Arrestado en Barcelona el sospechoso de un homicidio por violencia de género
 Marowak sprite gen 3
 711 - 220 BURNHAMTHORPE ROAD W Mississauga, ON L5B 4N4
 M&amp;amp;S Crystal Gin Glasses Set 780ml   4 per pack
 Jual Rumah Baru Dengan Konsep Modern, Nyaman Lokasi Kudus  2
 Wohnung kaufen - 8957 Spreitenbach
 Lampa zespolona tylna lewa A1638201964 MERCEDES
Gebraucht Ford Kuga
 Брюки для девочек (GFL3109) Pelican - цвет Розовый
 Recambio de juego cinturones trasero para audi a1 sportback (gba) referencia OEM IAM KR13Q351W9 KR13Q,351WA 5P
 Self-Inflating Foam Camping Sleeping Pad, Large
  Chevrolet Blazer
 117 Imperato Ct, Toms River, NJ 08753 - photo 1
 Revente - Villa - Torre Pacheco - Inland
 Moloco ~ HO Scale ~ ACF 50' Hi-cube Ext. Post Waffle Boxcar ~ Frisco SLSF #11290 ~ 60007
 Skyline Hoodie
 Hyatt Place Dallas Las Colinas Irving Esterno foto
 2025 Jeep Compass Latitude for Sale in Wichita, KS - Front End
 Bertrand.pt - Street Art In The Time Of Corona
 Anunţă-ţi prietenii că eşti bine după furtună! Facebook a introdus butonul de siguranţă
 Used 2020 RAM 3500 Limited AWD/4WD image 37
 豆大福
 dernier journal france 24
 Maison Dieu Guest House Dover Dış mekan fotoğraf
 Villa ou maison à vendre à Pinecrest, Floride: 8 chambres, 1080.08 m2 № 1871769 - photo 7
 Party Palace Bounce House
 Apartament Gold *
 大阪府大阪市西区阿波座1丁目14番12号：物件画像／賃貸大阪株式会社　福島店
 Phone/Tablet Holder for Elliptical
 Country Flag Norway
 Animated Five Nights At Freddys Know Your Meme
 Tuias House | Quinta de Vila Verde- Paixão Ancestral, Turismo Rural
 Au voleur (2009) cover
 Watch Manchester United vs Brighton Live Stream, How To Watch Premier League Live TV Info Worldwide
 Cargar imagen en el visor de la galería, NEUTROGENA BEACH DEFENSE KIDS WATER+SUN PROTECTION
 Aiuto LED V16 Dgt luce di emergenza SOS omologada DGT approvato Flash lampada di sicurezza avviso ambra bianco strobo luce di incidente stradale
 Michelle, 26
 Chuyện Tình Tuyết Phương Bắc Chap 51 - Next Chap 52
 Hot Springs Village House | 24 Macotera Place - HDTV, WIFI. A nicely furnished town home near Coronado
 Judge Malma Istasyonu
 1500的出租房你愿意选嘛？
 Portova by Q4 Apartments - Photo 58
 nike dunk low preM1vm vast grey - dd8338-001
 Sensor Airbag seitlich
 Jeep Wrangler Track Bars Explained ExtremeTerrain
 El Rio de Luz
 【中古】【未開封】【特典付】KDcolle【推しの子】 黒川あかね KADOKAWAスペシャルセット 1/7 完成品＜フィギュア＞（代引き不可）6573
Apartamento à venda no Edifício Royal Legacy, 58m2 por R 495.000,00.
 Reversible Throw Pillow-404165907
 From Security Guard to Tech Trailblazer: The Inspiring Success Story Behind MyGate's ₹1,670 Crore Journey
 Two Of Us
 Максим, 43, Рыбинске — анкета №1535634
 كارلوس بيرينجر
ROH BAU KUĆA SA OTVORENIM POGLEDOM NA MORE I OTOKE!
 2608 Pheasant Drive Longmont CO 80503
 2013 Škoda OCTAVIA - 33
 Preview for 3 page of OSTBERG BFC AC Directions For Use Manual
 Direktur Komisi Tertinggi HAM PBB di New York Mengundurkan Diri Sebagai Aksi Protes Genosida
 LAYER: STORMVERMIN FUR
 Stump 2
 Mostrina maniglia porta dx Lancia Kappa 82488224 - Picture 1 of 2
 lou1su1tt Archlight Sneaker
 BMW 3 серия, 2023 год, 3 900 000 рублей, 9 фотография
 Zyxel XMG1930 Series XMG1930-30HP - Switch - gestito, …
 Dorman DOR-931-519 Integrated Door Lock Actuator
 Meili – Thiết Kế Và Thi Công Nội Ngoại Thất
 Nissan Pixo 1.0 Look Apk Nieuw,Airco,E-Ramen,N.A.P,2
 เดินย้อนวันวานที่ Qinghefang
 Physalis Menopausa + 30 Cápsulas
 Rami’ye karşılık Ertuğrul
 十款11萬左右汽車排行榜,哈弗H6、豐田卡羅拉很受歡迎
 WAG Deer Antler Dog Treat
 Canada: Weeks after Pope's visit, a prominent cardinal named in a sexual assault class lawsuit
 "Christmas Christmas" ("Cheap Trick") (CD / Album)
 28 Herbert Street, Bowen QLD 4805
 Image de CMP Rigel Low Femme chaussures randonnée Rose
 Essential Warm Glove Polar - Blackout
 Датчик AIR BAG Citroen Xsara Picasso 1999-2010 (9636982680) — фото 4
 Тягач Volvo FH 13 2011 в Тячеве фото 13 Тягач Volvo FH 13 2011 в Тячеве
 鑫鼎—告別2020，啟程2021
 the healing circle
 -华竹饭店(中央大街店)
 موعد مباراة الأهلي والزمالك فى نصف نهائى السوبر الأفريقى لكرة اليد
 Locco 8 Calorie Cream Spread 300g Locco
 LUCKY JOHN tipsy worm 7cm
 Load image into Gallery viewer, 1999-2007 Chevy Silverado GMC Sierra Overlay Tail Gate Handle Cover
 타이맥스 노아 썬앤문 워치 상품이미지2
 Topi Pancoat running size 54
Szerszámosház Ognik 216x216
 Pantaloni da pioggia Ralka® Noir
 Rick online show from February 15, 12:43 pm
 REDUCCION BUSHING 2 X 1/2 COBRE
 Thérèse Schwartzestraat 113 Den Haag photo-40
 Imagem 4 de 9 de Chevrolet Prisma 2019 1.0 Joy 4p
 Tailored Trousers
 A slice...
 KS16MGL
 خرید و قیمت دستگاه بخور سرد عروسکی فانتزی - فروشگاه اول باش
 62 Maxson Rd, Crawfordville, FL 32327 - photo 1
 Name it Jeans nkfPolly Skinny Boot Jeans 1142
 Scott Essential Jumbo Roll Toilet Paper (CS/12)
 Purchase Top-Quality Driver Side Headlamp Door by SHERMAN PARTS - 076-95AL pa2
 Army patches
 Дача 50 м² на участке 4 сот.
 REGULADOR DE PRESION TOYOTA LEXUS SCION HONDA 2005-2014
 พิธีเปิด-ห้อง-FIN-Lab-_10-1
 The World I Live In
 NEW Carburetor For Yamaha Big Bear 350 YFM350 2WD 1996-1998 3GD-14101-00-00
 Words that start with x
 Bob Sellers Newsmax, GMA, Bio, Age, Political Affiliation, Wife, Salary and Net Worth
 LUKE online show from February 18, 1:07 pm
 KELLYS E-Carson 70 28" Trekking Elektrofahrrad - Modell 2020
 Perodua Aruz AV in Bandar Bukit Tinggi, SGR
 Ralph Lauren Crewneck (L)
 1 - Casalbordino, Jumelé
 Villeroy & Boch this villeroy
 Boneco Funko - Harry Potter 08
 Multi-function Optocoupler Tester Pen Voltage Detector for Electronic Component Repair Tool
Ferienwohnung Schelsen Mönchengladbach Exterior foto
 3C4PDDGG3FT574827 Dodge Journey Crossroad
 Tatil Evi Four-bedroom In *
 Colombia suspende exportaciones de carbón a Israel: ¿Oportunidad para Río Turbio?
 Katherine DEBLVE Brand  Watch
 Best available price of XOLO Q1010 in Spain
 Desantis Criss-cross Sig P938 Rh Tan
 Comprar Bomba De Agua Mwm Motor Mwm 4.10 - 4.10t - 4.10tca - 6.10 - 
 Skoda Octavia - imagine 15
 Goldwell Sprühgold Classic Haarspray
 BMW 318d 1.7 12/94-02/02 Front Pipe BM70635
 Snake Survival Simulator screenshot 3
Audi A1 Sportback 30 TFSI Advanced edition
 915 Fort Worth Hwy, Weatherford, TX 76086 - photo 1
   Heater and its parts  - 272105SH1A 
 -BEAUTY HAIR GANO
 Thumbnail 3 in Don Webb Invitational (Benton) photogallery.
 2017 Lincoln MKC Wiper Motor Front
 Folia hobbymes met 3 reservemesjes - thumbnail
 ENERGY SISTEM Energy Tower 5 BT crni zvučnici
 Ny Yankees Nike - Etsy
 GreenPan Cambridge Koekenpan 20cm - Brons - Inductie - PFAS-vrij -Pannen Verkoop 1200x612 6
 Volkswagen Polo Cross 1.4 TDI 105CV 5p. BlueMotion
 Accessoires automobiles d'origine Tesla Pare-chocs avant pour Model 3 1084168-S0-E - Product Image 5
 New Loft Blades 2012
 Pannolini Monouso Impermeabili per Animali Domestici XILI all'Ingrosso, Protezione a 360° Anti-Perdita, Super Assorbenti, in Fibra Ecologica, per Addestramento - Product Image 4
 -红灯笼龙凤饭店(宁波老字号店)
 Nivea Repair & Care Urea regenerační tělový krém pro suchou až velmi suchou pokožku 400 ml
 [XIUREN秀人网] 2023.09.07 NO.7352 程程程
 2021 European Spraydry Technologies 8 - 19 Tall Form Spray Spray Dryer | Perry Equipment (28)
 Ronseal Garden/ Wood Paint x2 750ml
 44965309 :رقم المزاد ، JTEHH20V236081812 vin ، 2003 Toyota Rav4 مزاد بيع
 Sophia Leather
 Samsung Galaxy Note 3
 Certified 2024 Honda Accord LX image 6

+-------+

EXERCISE GOAL
Return, with no change at all, every line in the entries above from the line containing "The World I Live In" through the line containing "Volkswagen Polo Cross".

ANSWER SECTION
 The World I Live In
 NEW Carburetor For Yamaha Big Bear 350 YFM350 2WD 1996-1998 3GD-14101-00-00
 Words that start with x
 Bob Sellers Newsmax, GMA, Bio, Age, Political Affiliation, Wife, Salary and Net Worth
 LUKE online show from February 18, 1:07 pm
 KELLYS E-Carson 70 28" Trekking Elektrofahrrad - Modell 2020
 Perodua Aruz AV in Bandar Bukit Tinggi, SGR
 Ralph Lauren Crewneck (L)
 1 - Casalbordino, Jumelé
 Villeroy & Boch this villeroy
 Boneco Funko - Harry Potter 08
 Multi-function Optocoupler Tester Pen Voltage Detector for Electronic Component Repair Tool
Ferienwohnung Schelsen Mönchengladbach Exterior foto
 3C4PDDGG3FT574827 Dodge Journey Crossroad
 Tatil Evi Four-bedroom In *
 Colombia suspende exportaciones de carbón a Israel: ¿Oportunidad para Río Turbio?
 Katherine DEBLVE Brand  Watch
 Best available price of XOLO Q1010 in Spain
 Desantis Criss-cross Sig P938 Rh Tan
 Comprar Bomba De Agua Mwm Motor Mwm 4.10 - 4.10t - 4.10tca - 6.10 - 
 Skoda Octavia - imagine 15
 Goldwell Sprühgold Classic Haarspray
 BMW 318d 1.7 12/94-02/02 Front Pipe BM70635
 Snake Survival Simulator screenshot 3
Audi A1 Sportback 30 TFSI Advanced edition
 915 Fort Worth Hwy, Weatherford, TX 76086 - photo 1
   Heater and its parts  - 272105SH1A 
 -BEAUTY HAIR GANO
 Thumbnail 3 in Don Webb Invitational (Benton) photogallery.
 2017 Lincoln MKC Wiper Motor Front
 Folia hobbymes met 3 reservemesjes - thumbnail
 ENERGY SISTEM Energy Tower 5 BT crni zvučnici
 Ny Yankees Nike - Etsy
 GreenPan Cambridge Koekenpan 20cm - Brons - Inductie - PFAS-vrij -Pannen Verkoop 1200x612 6
 Volkswagen Polo Cross 1.4 TDI 105CV 5p. BlueMotion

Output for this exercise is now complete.